In der neuen Kommerzwelt prägten zunehmend Markenkleider, Handys, Fernsehshows mit leicht gekleideten Tanzgirls, Soaps, Fußball und billige Urlaubsreisen den Lebensstil. In Berlusconis Welt besetzt der apolitische Konsument die Hauptrolle, der die Politik erfolgreichen Unternehmern wie ihm überlässt.

Gründungsmythos der Republik

Die Eliminierung des Politischen aus der Politik ist aber nur ein Ergebnis der Veränderung der italienischen Gesellschaft unter Berlusconi. Im Ausland weitgehend unbeachtet ist laut Aram Mattioli noch etwas anders geschehen: Es kam zu einer Aufwertung des Faschismus und einer Neuinterpretation der italienischen Geschichte.
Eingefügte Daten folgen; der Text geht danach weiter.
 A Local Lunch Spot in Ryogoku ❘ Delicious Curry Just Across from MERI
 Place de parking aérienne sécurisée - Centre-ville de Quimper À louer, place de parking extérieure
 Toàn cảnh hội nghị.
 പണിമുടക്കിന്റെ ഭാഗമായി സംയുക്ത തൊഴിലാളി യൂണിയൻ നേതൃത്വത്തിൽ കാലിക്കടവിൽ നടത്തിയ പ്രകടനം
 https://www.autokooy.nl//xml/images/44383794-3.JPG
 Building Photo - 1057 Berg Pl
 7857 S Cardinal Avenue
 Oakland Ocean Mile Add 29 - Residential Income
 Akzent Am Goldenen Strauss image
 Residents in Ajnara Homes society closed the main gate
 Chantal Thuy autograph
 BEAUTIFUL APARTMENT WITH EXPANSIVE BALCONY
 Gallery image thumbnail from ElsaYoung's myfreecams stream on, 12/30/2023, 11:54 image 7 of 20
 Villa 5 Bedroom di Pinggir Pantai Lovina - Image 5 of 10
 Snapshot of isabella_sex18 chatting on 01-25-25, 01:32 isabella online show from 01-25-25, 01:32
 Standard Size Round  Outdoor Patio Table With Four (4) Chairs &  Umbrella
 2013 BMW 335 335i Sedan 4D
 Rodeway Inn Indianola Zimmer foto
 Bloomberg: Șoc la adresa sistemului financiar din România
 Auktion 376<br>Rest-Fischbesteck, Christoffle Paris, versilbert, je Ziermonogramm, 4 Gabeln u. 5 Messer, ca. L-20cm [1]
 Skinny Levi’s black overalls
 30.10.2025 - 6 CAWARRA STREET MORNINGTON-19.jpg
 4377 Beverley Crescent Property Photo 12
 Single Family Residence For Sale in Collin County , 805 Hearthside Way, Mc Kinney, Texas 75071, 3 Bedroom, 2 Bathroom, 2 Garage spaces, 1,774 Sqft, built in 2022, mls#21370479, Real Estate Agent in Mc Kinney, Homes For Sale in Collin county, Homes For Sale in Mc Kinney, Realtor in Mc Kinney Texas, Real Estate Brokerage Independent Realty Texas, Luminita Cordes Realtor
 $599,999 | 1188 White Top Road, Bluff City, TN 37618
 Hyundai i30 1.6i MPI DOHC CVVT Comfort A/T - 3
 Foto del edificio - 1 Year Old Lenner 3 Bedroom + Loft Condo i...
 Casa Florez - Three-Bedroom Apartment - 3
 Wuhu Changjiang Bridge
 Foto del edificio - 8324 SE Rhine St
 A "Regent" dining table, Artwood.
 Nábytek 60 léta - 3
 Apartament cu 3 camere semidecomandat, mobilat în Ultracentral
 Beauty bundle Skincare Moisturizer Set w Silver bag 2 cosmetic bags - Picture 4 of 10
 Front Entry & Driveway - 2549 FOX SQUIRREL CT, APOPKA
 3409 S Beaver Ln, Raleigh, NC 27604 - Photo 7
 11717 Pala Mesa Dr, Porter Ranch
Nach dem Zweiten Weltkrieg bestand der Gründungsmythos der jungen Republik darin, die faschistische Diktatur aus eigener Kraft überwunden und das Land mit der Waffe in der Hand selbst befreit zu haben. Jahrzehntelang definierte sich Italien als eine aus dem Widerstand geborene Republik.

Nirgendwo in Westeuropa besaß der antifaschistische Legitimitätsglaube ein solideres Fundament.

"Antifaschistische Meistererzählung" nennt Mattioli diesen Mythos. Diese Meistererzählung trug dazu bei, das Volk über Schicht- und Milieuzugehörigkeit zu einen - und die Neofaschisten und Duce-Nostalgiker an den Rand der Gesellschaft zu drängen. Für Nicht-Italiener mag es ein wenig verwunderlich wirken, dass ein Volk, das sich als erstes zum Faschismus bekannte, sein Selbstverständnis daraus ableitete, anti-faschistisch zu sein.

Die Zeit zwischen 1922 und 1943 wurde aus dem kollektiven Bewusstsein ganz einfach ausgeblendet, erklärt Mattioli. Italiens Geschichte schien erst mit dem 25. Juli 1943 zu beginnen - mit dem Sturz Benito Mussolinis. Unter "Befreiung" verstand man nach 1945 den Sieg über die deutschen Besatzer, nicht so sehr die Überwindung der faschistischen Diktatur.

Wo es fast nur Widerstandskämpfer gab, konnte die eigene Tätervergangenheit nicht wirklich in den Blick geraten.

Akzeptierte Rehabilitation?

In den 1980er Jahren begann die italienische Abneigung gegen den Faschismus mehr und mehr zu bröckeln. Schon 1975 hatte der berühmte Historiker Renzo de Felice behauptet, die Unterschiede zwischen Nationalsozialismus und Faschismus seien "enorm groß gewesen". Es habe sich um "zwei Welten, zwei Traditionen, zwei Nationialgeschichten" gehandelt, die man nicht unter einem Blickwinkel betrachten könne. Das war das erste Mal, dass ein seriöser Historiker den Faschismus öffentlich rehabilitierte.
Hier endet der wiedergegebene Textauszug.